The present invention relates to water-soluble metalworking fluid and a metalworking coolant used for metalworking such as cutting or grinding, the metalworking coolant being prepared by diluting the water-soluble metalworking fluid with water.

BACKGROUND ART

Metalworking fluid used in metalworking is generally categorized into oil-type (oil-based) fluid and water-type (water-based) fluid, the latter of which is more frequently used because such water-based fluid is excellent in cooling capabilities and infiltration capabilities and free from a risk of causing a fire. Known water-based fluid includes: emulsion-type fluid prepared by mixing a surfactant with oil-based base oil such as a mineral oil; soluble-type fluid which contains an increased content of surfactant; and solution-type fluid, the main component of which is a water-soluble lubricating agent such as a polyalkylene glycol. Water-soluble solution-type fluid not containing a mineral oil is frequently used when cooling capabilities is significant, e.g., in grinding. Known solution-type fluid is a water-based lubricating composition prepared by mixing an alkanolamine fatty acid salt with a polyoxyalkylene glycol (see Patent Literature 1).

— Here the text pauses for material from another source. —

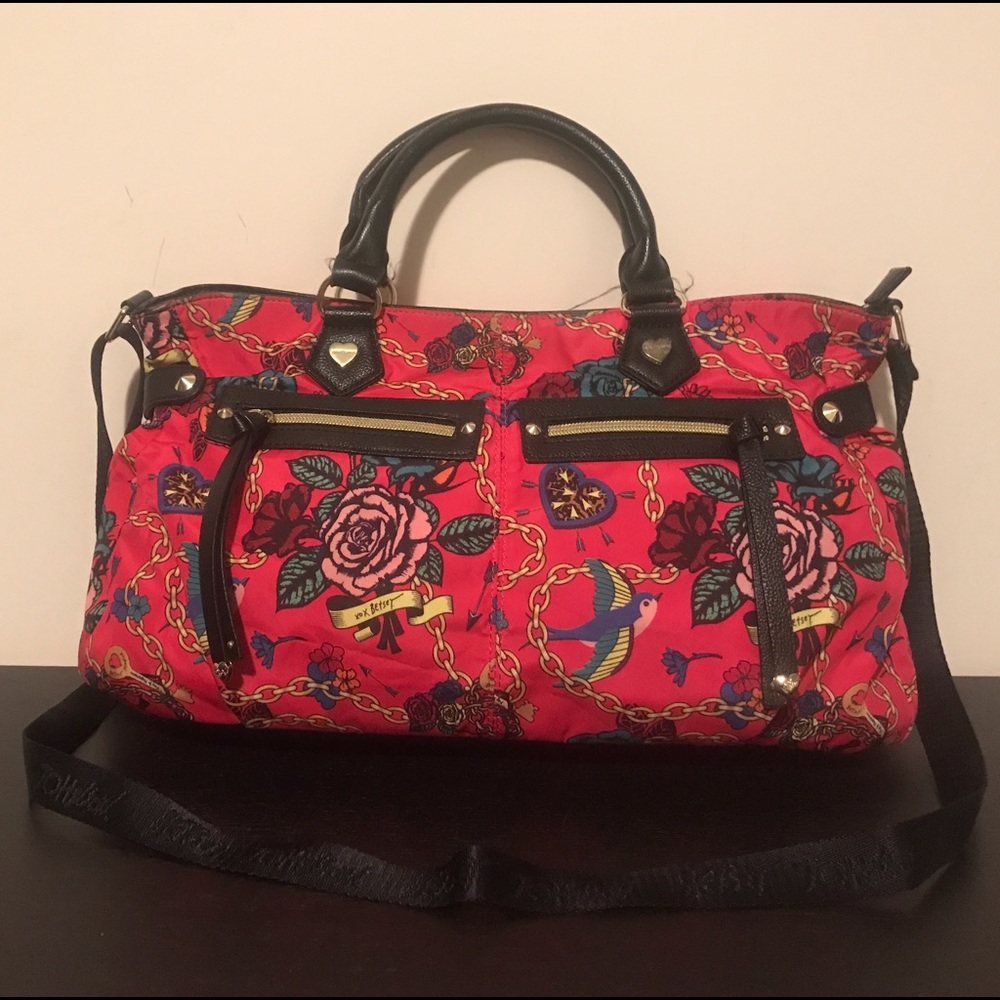 Pink Cross Body Betsey Johnson Bag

However, since a long-lasting grinding stone using superabrasives (diamond, CBN) has been recently widespread, more lubricity is being demanded for solution-type fluid. Accordingly, water-soluble metalworking fluid containing mono-carboxylic acid or di-carboxylic acid having carbon atoms of 6 to 10 and a block polyalkylene glycol of (PO)-(EO)—(PO) type is proposed (see Patent Literature 2). According to this fluid, a solution-type fluid excellent in lubricity and antifoaming capabilities can be provided.

CITATION LISTS

Patent literatures

• Patent Literature 1 JP-B-40-14480
• Patent Literature 2 JP-A-8-231977

SUMMARY OF THE INVENTION

Problems to be Solved by the Invention

Though cooling capabilities of the water-based lubricating composition described in Patent Literatures 1 is excellent as solution-type fluid, lubricity thereof is inferior to oil-based, emulsion-type and soluble-type fluids. Solution-type fluid of Patent Literatures 2 is also not necessarily sufficient in lubricity even after being diluted by approximately 33 times. Particularly when the fluid is diluted with water by approximately 50 times, decrease in lubricity becomes more eminent. Further, water-soluble solution-type fluid may be impaired by rust resistance and antifoaming capabilities.

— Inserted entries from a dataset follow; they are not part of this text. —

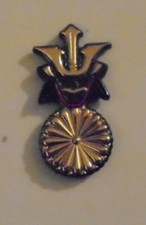 Japan Nippon Samurai Bushido Warrior Helmet Dojo Emperor Shogun Clan Lord Pin S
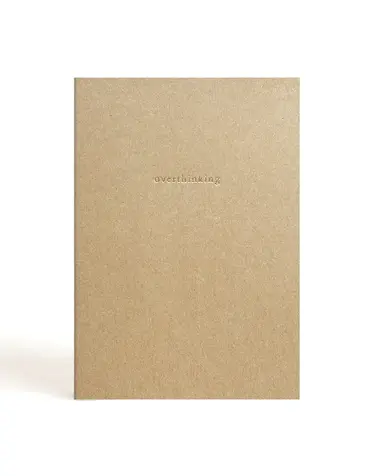 BADLY MADE BOOKS A5 Blank Notebook - Overthinking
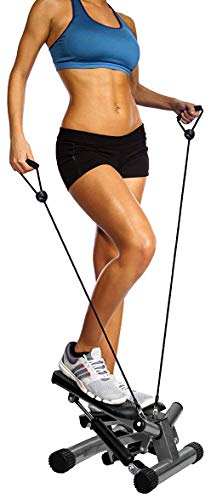 Adjustable Mini Stepper with Resistance Bands Z5138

An object of the present invention is to provide water-soluble metalworking fluid that is diluted with water to provide a metalworking coolant that is excellent in lubricity, rust resistance and antifoaming capabilities.

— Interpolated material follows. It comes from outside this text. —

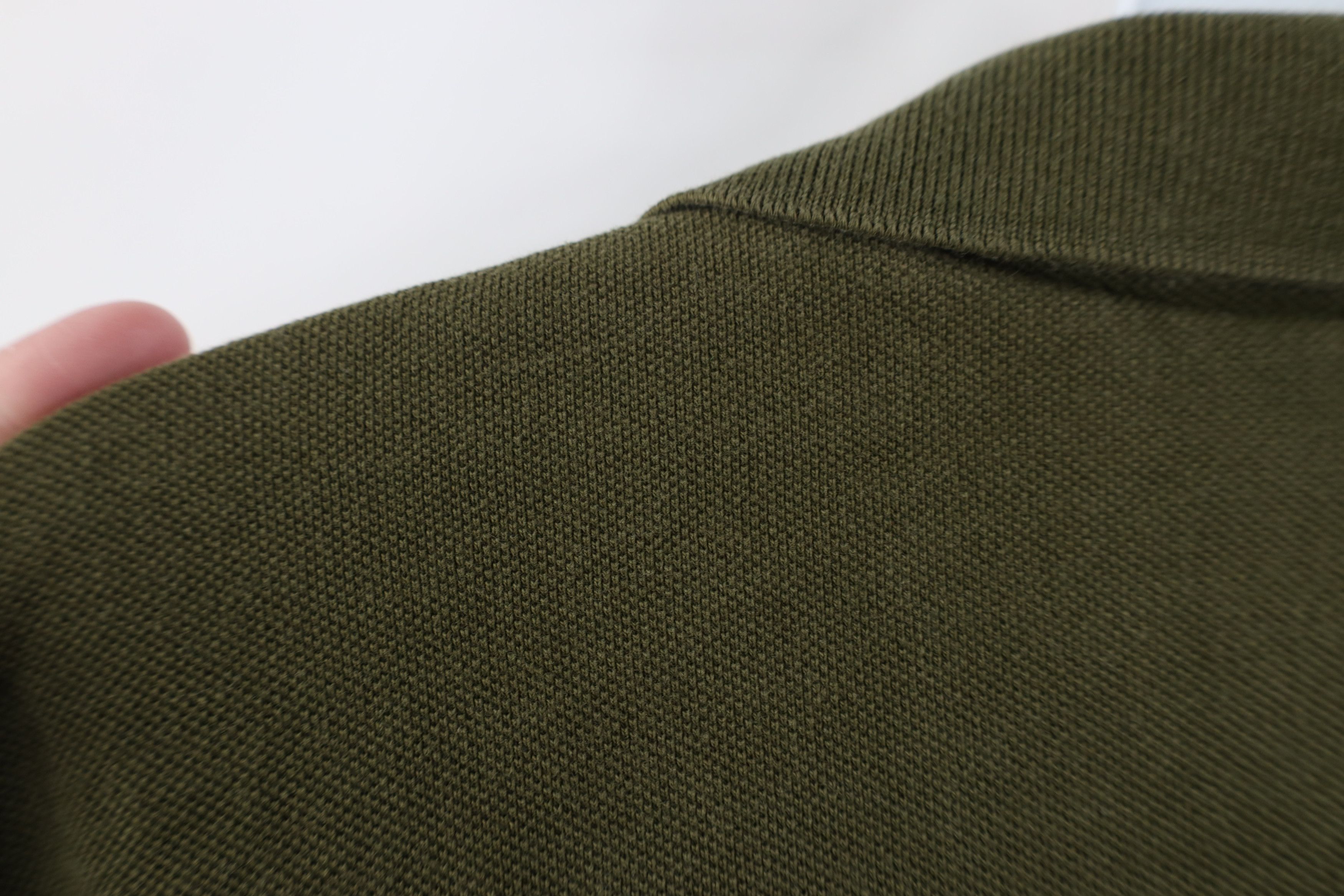 Eddie Bauer Vintage 90s Eddie Bauer Long Sleeve Polo Shirt Army Green Size US L / EU 52-54 / 3 - 10 Thumbnail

Means for Solving the Problems

In order to solve the above problem(s), an aspect of the invention provides the following water-soluble metalworking fluid.

[1] A water-soluble metalworking fluid including: at least either one of (A) a block polyalkylene glycol represented by the following formula (1) and (B) a polyalkylene glycol monoether represented by the following formula (2); and (C) an alkanolamine fatty acid salt,

HO(EO)_a—(PO)_b-(EO)_cH  (1)

in which EO represents —CH₂CH₂O— and PO represents —CH(CH₃)CH₂O— or —CH₂CH(CH₃)O—; each unit of (EO)_a, (PO)_b and (EO)_c is block-bonded; and a and c each is an integer of 1 to 30 and b is an integer of 5 to 100,

RO(R′O)_dH  (2)

in which R represents an alkyl group having 1 to 30 carbon atoms and R′O represents PO or EO; mole fraction of EO is less than 100%; and d is an integer of 1 or 50.
[2] The water-soluble metalworking fluid in the above aspect of the invention, in which a mass average molecular weight of the component (A) is in a range of 500 to 10000.
[3] The water-soluble metalworking fluid in the above aspect of the invention, in which a, b and c in the component (A) satisfy a relation represented by the following formula (3):

(a+c)/(a+b+c)=0.1˜0.5  (3)

[4] The water-soluble metalworking fluid in the above aspect of the invention, in which a content of a combination of the components (A) and (B) is in a range of 5 to 40 mass % of a total amount of the fluid containing water, and a content of the component (C) is in a range of 30 to 75 mass % of the total amount of the fluid.
[5] A water-soluble metalworking coolant prepared by diluting the water-soluble metalworking fluid in the above aspect of the invention with water by 2 to 200 times in volume.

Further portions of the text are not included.